The false negative of EUS-FNA in identifying malignant LNs cannot be ignored. It was closely related to sampling errors. This phenomenon seemed to be common in many medical centers [22, 24, 32, 33, 37]. Thereinto, false negative results from the acquisition of lymphoma samples have been doubted by pathologists. Therefore, we pay special attention to the efficacy of EUS-FNA in the diagnosis of lymphoma. In several studies of separation analysis of lymphoma, EUS-FNA achieved 75–96% accuracy in diagnosing lymphoma [27, 32, 37]. Many scholars have tried methods to reduce false negatives and improve the efficiency of lymphoma diagnosis. Some studies have reported that flow cytometry can enhance the effectiveness of EUS-FNA in lymphoma diagnosis [27, 64, 65]. Moreover, there have been many reports of experience in FNA. If aspiration was performed from multiple lymph nodes and various sites, sampling errors will be greatly reduced. Wallace et al. and Baradales RH et al. also proposed that an accurate diagnosis of malignant LNs usually required three passes, while Leblanc et al. gave a suggestion of more passes (≥ 5) [66,67,68]. Our study indicated that the pooled sensitivity in studies with an average number of passes higher than or equal to 3 and less than 3 were 89% and 86%, respectively. Obviously, the optimal amount of passes in EUS-FNA cannot be reliably determined. It is worth mentioning that we can also improve the accuracy of sample acquisition sourcing with advanced image enhancement techniques when working on EUS-FNA. The systematic reviews of Xu et al. and Fusaroli et al. showed that combining CH-EUS and EUS-FNA may help reduce the false negative, thereby improving overall diagnostic accuracy [52, 53].

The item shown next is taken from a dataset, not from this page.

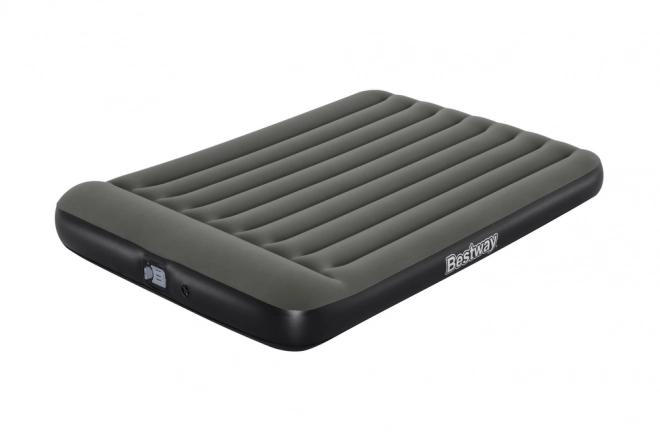Luchtbed met pomp 203 x 152 x 30 cm Bestway 67930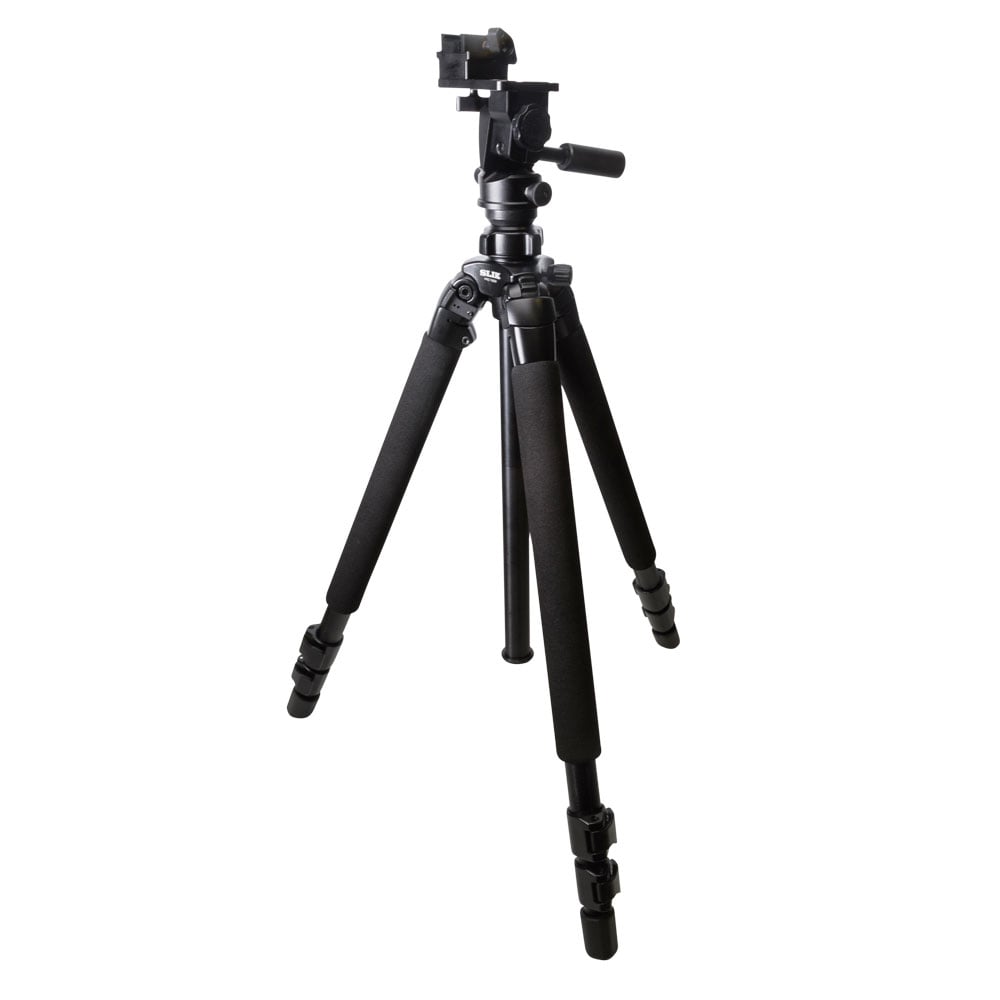 kj85003k_reaper-rail-picatinny-k700-tripod-kit_img_main_1000.jpg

This meta-analysis emphasized the differential diagnosis of benign and malignant LNs, which was different from the routine diagnostic analysis of lymphadenopathies. We had collected a considerable size of sample, but there were still some limitations. The majority of selected studies were conducted in a single center. Most benign lymph nodes, as defined by EUS-FNA, had not been confirmed by surgical pathology, and the clinical follow-up strategies of different studies were various. Fortunately, the follow-up period of almost all studies was more than 6 months, which made a benign diagnosis more reliable. The included studies used 22G alone or mixed-use of 19G, 22G, and 25G, so it is difficult to compare the effectiveness of different types of suction needles. Besides, significant heterogeneity was found in the pooled sensitivity of EUS-FNA. Hence, we sought sources of heterogeneity through sensitivity analysis, subgroup analyses, and meta-regression. The results suggested that the reasons for the heterogeneity of sensitivity might be the difference in sample size, the various baseline conditions, and the number of EUS-FNA performers. We analyzed the subgroups after reducing heterogeneity to obtain more convincing conclusions.

In conclusion, EUS-FNA is a sensitive, highly specific, and safe method for distinguishing benign and malignant mediastinal or abdominal LNs. However, the sensitivity of EUS-FNA still varies significantly among different centers, which requires us to further explore more stable strategies for the diagnosis of malignant LNs.